Impairment of long-lived assets
Long-lived assets are tested for impairment whenever events or changes in circumstances indicate that the carrying amounts may not be recoverable. Carrying amounts are written off to the extent capitalized costs exceed the expected undiscounted net cash flows from their use and eventual disposition proceeds.

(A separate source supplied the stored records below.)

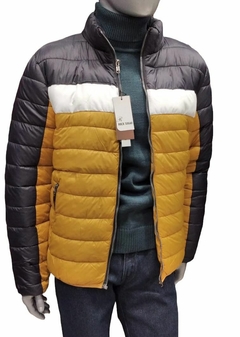 CAMPERA FELIPE FUR BLACK ROCK SUGAR (8730)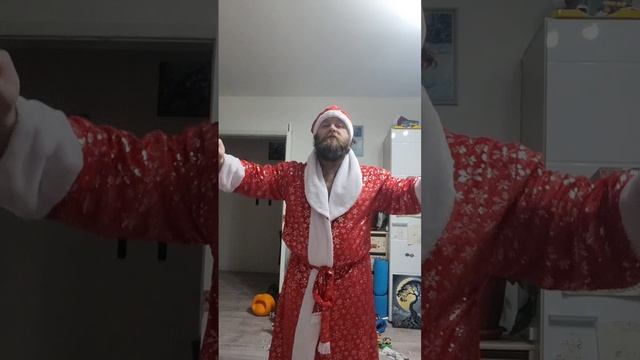 не злите деда Мороза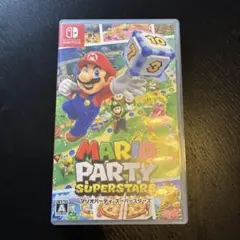 マリオパーティ スーパースターズ　Switch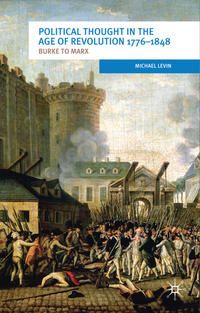 Produktbild: Political Thought in the Age of Revolution 1776-1848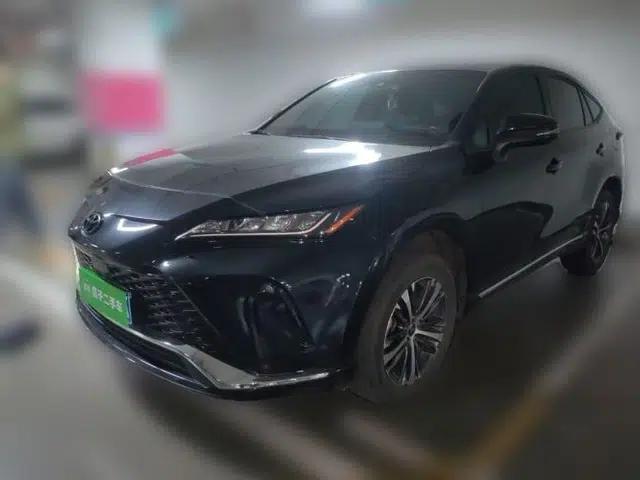 Toyota Venza 2022 2.0L CVT Two-Wheel Drive Luxury Edition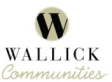 Wallick Communities logo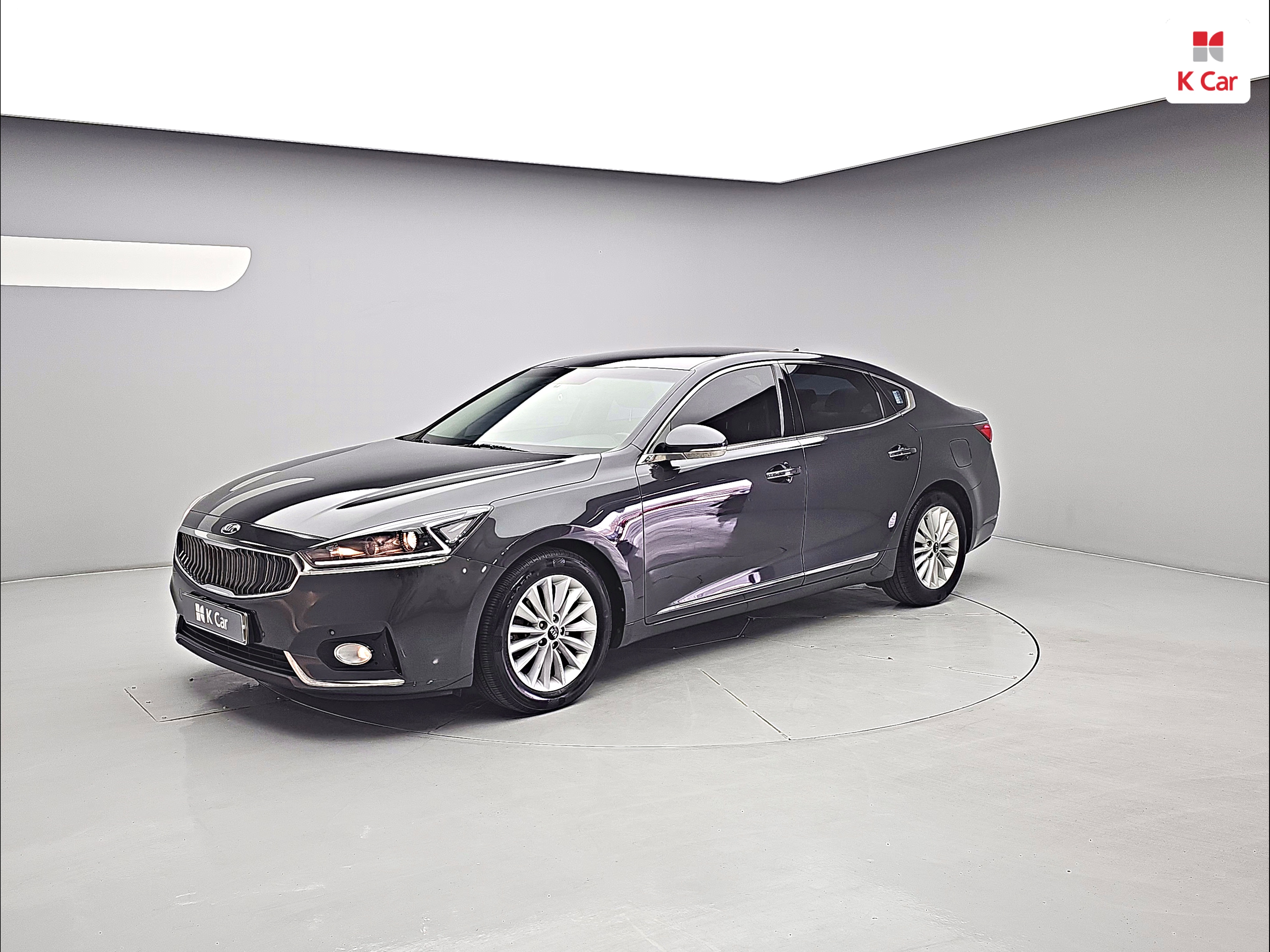 KIA All New K7 2.4 GDI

Foreign Currency Translation
The Company’s functional and reporting currency is the Canadian dollar. Transactions denominated in foreign currency are translated into Canadian dollars at the rate of exchange in effect at the date of the transaction. Monetary assets and liabilities denominated in foreign currencies have been translated into Canadian dollars at the rate of exchange in effect at the balance sheet date. Any gains or losses resulting from translation have been included in the statement of operations.
Comparative Figures
Certain comparative figures have been reclassified to conform with the current year’s presentation.
10
ALDERON RESOURCE CORP.
(An Exploration Stage Company)
NOTES TO THE CONSOLIDATED FINANCIAL STATEMENTS
(Expressed in Canadian Dollars)
DECEMBER 31, 2010
2. SIGNIFICANT ACCOUNTING POLICIES (cont’d...)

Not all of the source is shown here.